Ritorno a casa qualche ora dopo. O forse è molto di più? Non riesco a connettere bene con tutto quell’alcol in corpo; e sono decisamente stanca. Mi tolgo le scarpette, rilascio la cerniera sul dorso del vestito e mi butto sul letto senza troppi ritegni. In poco tempo mi abbandono tra le braccia di Morfeo.

Quando il sole entra copioso dalla finestra, mi sveglio pigramente maledicendo quella deficiente che non ha abbassato le tapparelle prima di andare a dormire. Ancora mezza stordita butto un arto alla volta fuori dal letto e mi alzo. Ho il vestito della sera prima tutto messo di traverso che mi da fastidio. Me lo tolgo e indosso una maglietta piuttosto lunga presa dall’armadio, poi vado a fare una visitina in bagno.

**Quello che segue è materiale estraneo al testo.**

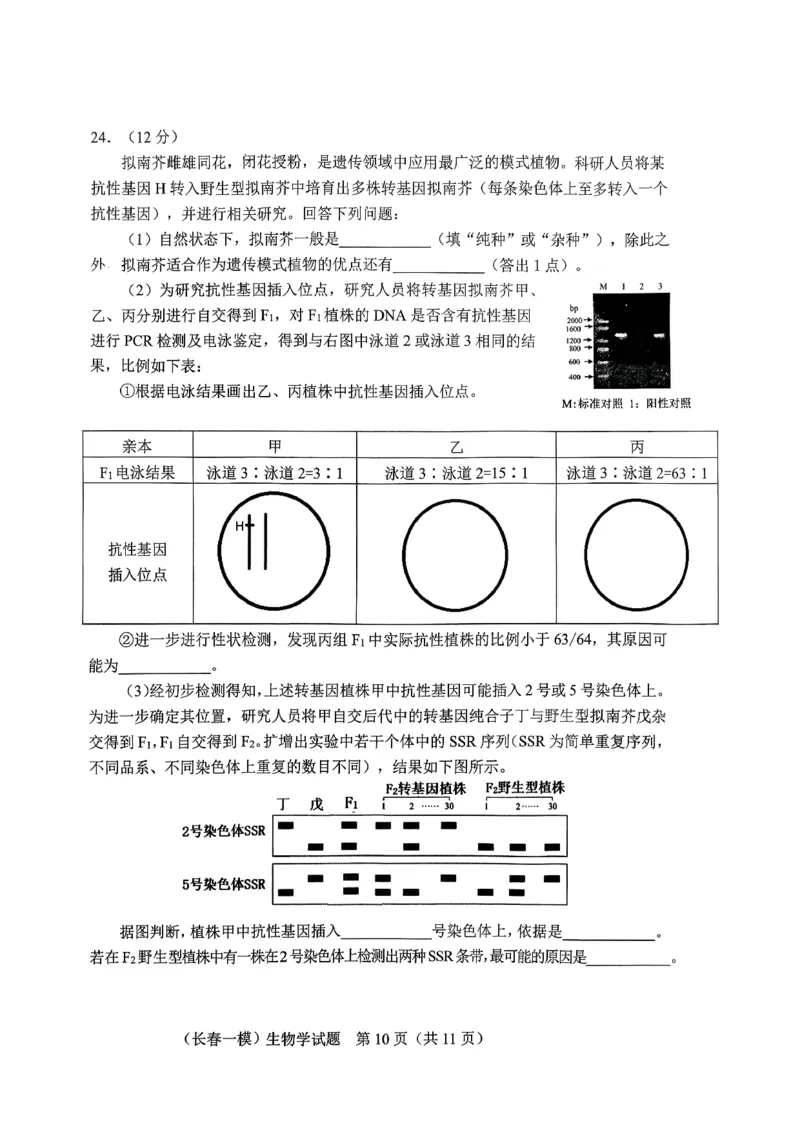 生物试卷-长春市2826届高三质量监测（一）(1)_2026年1月_260107吉林省长春市2026届高三年级质量检测（一）（长春一模）（全科）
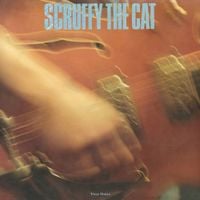 Scruffy The Cat - Tiny Days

Terminata la toeletta mi faccio un caffettino. Lo prendo lungo, nero e strazuccherato. Tiro fuori anche un pacchetto di savoiardi e inizio a divorarli con gusto. Nel tentativo di svegliarmi definitivamente inizio a passeggiare per l’appartamento masticando e facendo finta di fare qualche esercizio ginnico con le braccia.

Tra un savoiardo e l’altro mentre cammino pigramente per casa, mi affaccio alla porta finestra del terrazzino sul retro. Quasi mi casca il savoiardo di bocca. Le mie mutandine sono appese lì di fuori.
Che scherzo è mai questo. Ieri sera ho perso un’infinità di tempo per cercarle e ce le avevo sotto la punta del naso? Finisco il savoiardo in un sol boccone ed esco sul terrazzino.
Sono proprio loro. Le prendo dallo stendi panni e le osservo da vicino come se si trattasse di un oggetto prezioso. Il mio cervello è alle prese con un sacco d’ipotesi una più balorda e insensata dell’altra. Sono per caso diventata sbadata tutta d’un colpo?

Mentre la mia mente continua con i suoi deliranti viaggi rigiro le mutandine tra le mani. All’interno sembrano bagnate oppure sporche. C’è una sostanza; all’apparenza sembra sapone. Probabilmente non le devo aver sciacquate bene dopo averle lavate. Inavvertitamente tocco quelle macchie saggiandone la consistenza con le punta delle dita. Sembra veramente essere sapone come quello liquido del dosatore.

Istintivamente porto le mutandine al naso per riconoscere l’odore del sapone, ma mi accorgo con qualche secondo di ritardo che quello che potrebbe anche avere la consistenza del sapone non ne ha di certo l’odore.
Non so perché non ne intuisco l’essenza subito; ma ci metto qualche secondo prima di capire che si tratta di sperma. L’odore dolciastro è inconfondibile.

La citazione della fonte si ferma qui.